Enhancing disproportionation resistance of Zr2Co-based alloys by regulating the binding energy of H atom

Considering the scarcity and radioactivity of tritium, developing efficient tritium recovery and storage technology is essential for the safety and stability of nuclear fusion reactions. Zr2Co alloy is a prospective tritium-getter material, while its poor disproportionation resistance limits the practical application. To address this issue, Zr2Co alloy was modified by alloying and Zr2Co0.9M0.1 (M = Cr, Mn, Fe, Ni, Cu) alloys were prepared. Performance test results indicate that all Zr2Co0.9M0.1 alloys exhibit the main phase corresponding to Zr2Co phase and their hydrogenation phases belong to Zr2CoH5 phase. Alloying improves the hydrogen storage capacity and reduces the hydrogenation equilibrium pressure of Zr2Co alloy. Zr2Co0.9Cr0.1, Zr2Co0.9Mn0.1, and Zr2Co0.9Fe0.1 alloys have hydrogen storage capacities above 2 wt% and hydrogenation equilibrium pressures approximately 10−7 Pa at room temperature.
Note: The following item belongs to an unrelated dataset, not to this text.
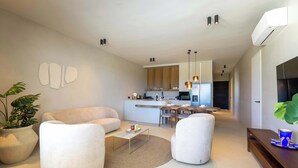 Un salon moderne avec un canapé, des fauteuils, une table basse et un coin repas, la cuisine étant visible au fond.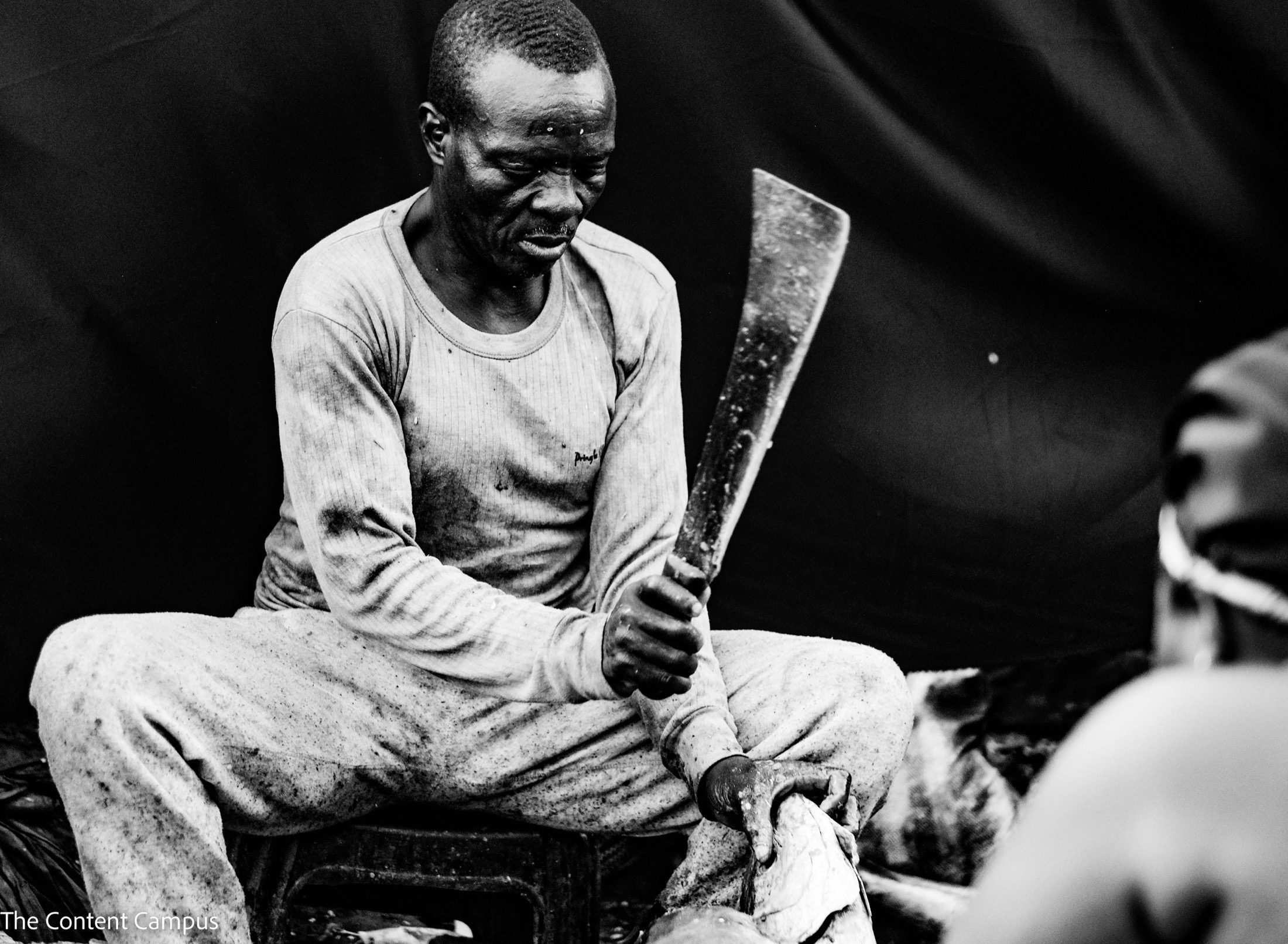 In black and white, a seated man in a worn, stained long-sleeved shirt holds a large machete upright while gripping a fish, against a dark backdrop.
Furthermore, Zr2Co0.9M0.1 alloys have better disproportionation resistance compared to Zr2Co alloy. Notably, Zr2Co0.9Fe0.1 and Zr2Co0.9Ni0.1 alloys possess interstitial sites with moderate hydrogen binding energies, resulting in stronger disproportionation resistance than that of other alloys. Therefore, Zr2Co0.9Fe0.1 alloy is the most promising tritium-getter material among the studied materials. The cycling performance of Zr2Co0.9Fe0.1 alloy is investigated and a superior capacity retention of 94 % is found out. This work shed light on the further exploration of tritium-getter materials.